▸ Task brief:
Retype exactly the lines from the one containing "برگزاری کنفرانس برخط" through the last line of the records below, including both, and leave out any pictures.

*** Opening of Given data ***

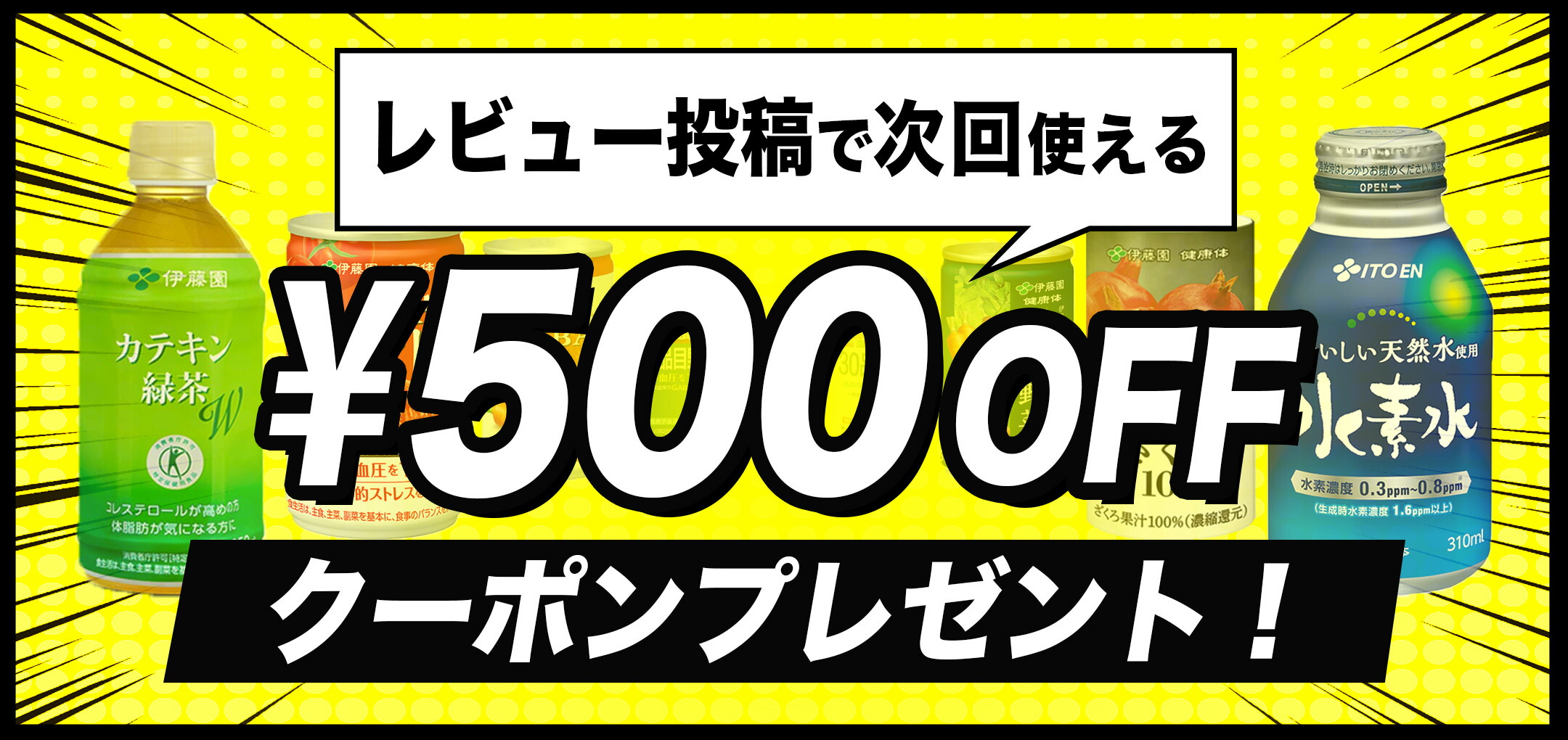 楽天市場】【伊藤園 健康体 公式通販】ざくろ100 160g 30本入 ざくろ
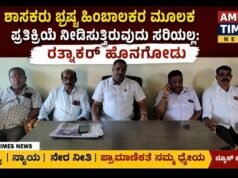 ಶಾಸಕರು ಭ್ರಷ್ಟ ಹಿಂಬಾಲಕರ ಮೂಲಕ ಪ್ರತಿಕ್ರಿಯೆ ನೀಡಿಸುತ್ತಿರುವುದು ಸರಿಯಲ್ಲ: ರತ್ನಾಕರ್ ಹೊನಗೋಡು..!!
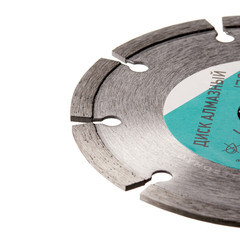 Диск алмазный по бетону 125х22,2х2 мм сегментный сухой рез СТМ - фото 4
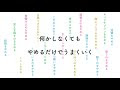 【ベストコレクション】 もうやめよう 292493-もうやめよう 試し読み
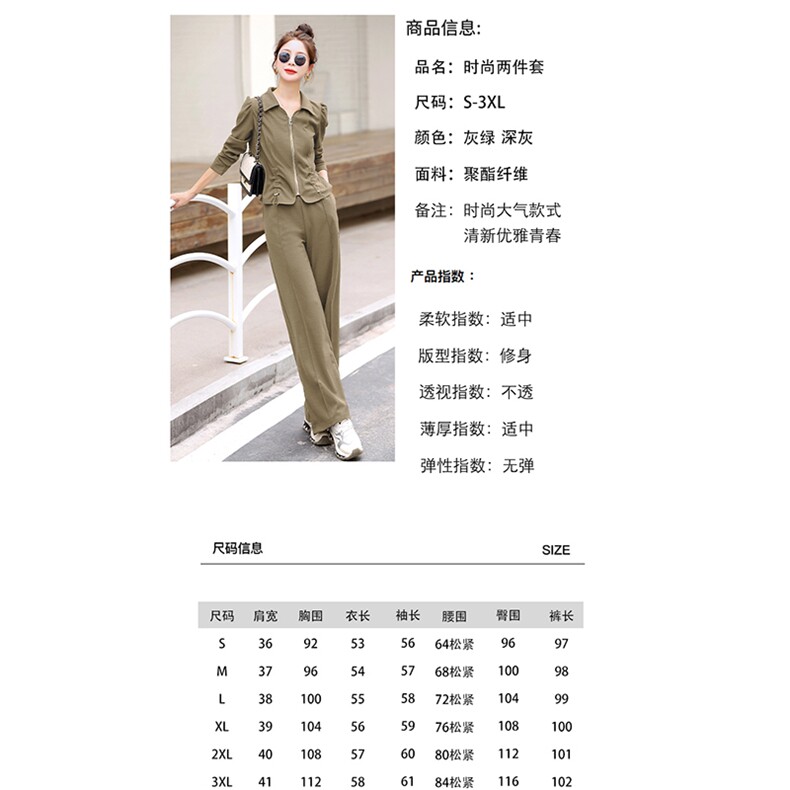 2023秋季时尚简约大方气质优雅收腰显瘦休闲修身百搭潮流两件套,女装套装/套裙,妙形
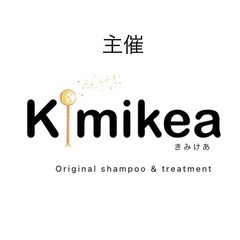 藤枝ご当地ドリンク祭　 - イベント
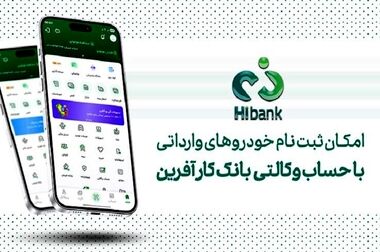 برگزاری کنفرانس برخط پرسش و پاسخ با سهامداران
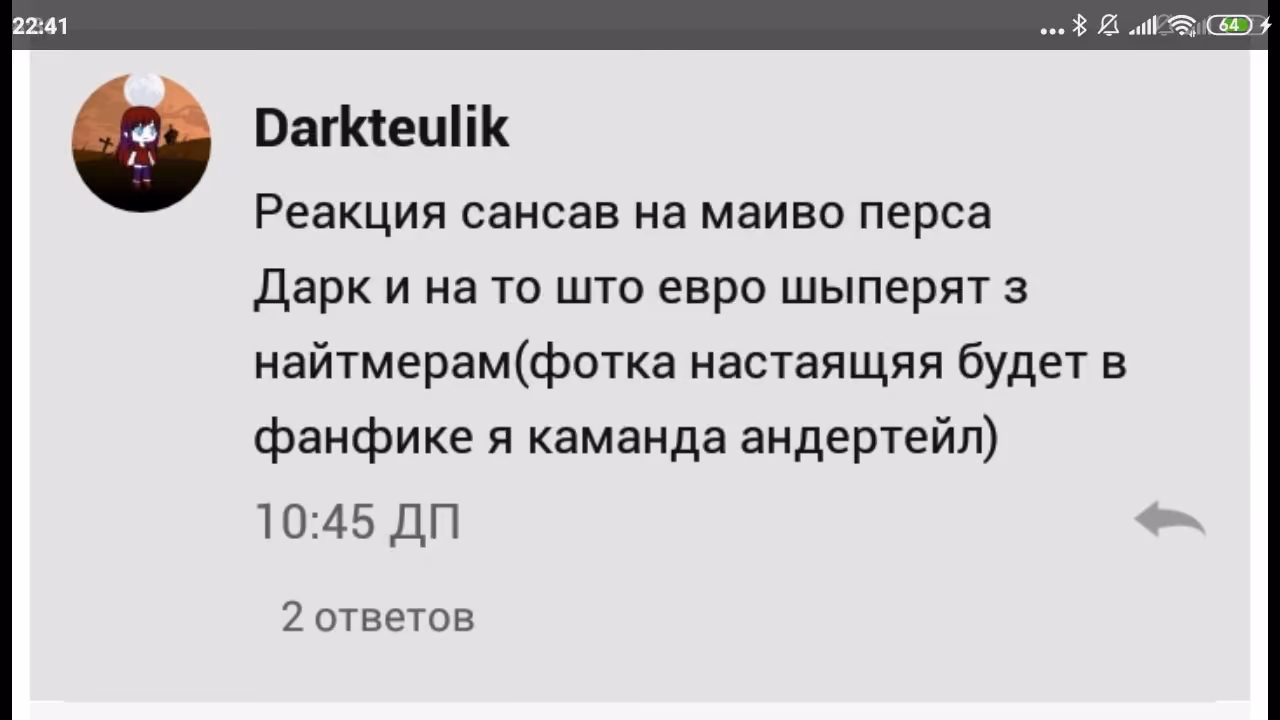 e45d82cbc76f595efbc213fd8bf29cd6.avif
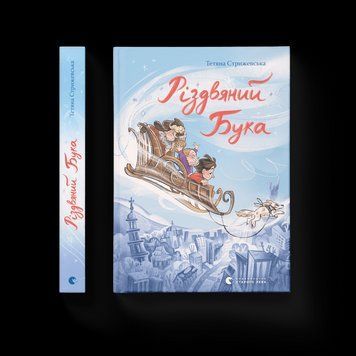 Книга Різдвяний Бука. Автор - Тетяна Стрижевська (ВСЛ) 9789664482155 фото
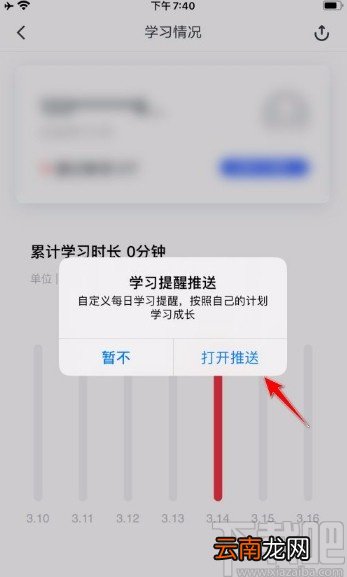 网易有道词典app开启学习提醒的方法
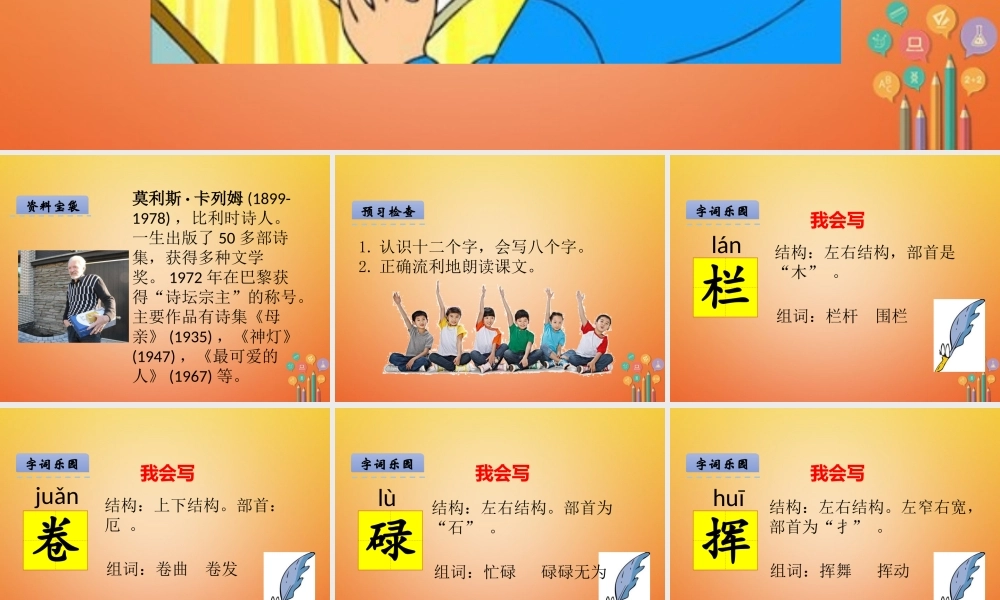 二年级语文下册 课文1 1 我学写字课件 西师大版-西师大版小学二年级下册语文课件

*** Close of Given data ***

▸ Answer for this exercise:
 برگزاری کنفرانس برخط پرسش و پاسخ با سهامداران
 e45d82cbc76f595efbc213fd8bf29cd6.avif
 Книга Різдвяний Бука. Автор - Тетяна Стрижевська (ВСЛ) 9789664482155 фото
 网易有道词典app开启学习提醒的方法
 二年级语文下册 课文1 1 我学写字课件 西师大版-西师大版小学二年级下册语文课件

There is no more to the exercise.